=== Section Start ===

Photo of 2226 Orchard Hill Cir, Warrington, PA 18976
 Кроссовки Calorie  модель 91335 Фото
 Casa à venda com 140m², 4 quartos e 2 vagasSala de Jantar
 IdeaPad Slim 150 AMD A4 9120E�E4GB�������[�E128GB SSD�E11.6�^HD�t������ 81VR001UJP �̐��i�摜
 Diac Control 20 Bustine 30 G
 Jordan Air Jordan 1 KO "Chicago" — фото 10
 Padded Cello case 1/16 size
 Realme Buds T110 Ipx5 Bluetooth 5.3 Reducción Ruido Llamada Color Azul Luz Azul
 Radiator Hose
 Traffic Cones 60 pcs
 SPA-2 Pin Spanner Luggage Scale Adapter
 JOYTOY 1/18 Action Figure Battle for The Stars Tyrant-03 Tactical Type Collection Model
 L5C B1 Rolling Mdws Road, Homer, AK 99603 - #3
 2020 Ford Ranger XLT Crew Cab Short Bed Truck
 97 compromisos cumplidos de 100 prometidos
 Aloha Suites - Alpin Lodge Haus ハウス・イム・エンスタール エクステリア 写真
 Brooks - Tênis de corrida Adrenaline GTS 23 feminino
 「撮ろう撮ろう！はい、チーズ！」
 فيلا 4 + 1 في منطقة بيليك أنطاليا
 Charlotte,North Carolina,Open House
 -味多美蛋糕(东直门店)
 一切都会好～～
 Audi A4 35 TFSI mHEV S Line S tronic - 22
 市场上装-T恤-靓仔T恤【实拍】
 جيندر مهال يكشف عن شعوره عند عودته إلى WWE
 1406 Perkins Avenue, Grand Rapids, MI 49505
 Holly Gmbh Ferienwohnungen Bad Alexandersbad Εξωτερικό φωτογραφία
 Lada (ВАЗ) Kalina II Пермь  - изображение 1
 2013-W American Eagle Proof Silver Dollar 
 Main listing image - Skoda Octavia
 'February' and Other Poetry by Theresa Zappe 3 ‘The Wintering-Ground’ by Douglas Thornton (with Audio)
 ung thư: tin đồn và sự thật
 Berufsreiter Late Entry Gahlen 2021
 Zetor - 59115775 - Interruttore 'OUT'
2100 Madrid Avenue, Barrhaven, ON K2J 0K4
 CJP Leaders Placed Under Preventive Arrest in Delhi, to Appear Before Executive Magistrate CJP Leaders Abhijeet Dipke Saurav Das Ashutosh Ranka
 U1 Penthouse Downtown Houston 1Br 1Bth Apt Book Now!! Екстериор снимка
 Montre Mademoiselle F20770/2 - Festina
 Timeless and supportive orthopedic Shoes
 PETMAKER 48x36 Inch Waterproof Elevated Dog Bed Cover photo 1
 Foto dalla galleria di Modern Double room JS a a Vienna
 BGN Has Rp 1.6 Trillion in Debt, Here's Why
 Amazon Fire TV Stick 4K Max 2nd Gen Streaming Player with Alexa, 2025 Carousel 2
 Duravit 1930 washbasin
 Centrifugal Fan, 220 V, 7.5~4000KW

=== Section End ===

### PROBLEM TO SOLVE
From the line containing "Zetor - 59115775 - Interruttore 'OUT'" to the final line of the data, repeat each line exactly. Include both ends.

### ANSWER SECTION
 Zetor - 59115775 - Interruttore 'OUT'
2100 Madrid Avenue, Barrhaven, ON K2J 0K4
 CJP Leaders Placed Under Preventive Arrest in Delhi, to Appear Before Executive Magistrate CJP Leaders Abhijeet Dipke Saurav Das Ashutosh Ranka
 U1 Penthouse Downtown Houston 1Br 1Bth Apt Book Now!! Екстериор снимка
 Montre Mademoiselle F20770/2 - Festina
 Timeless and supportive orthopedic Shoes
 PETMAKER 48x36 Inch Waterproof Elevated Dog Bed Cover photo 1
 Foto dalla galleria di Modern Double room JS a a Vienna
 BGN Has Rp 1.6 Trillion in Debt, Here's Why
 Amazon Fire TV Stick 4K Max 2nd Gen Streaming Player with Alexa, 2025 Carousel 2
 Duravit 1930 washbasin
 Centrifugal Fan, 220 V, 7.5~4000KW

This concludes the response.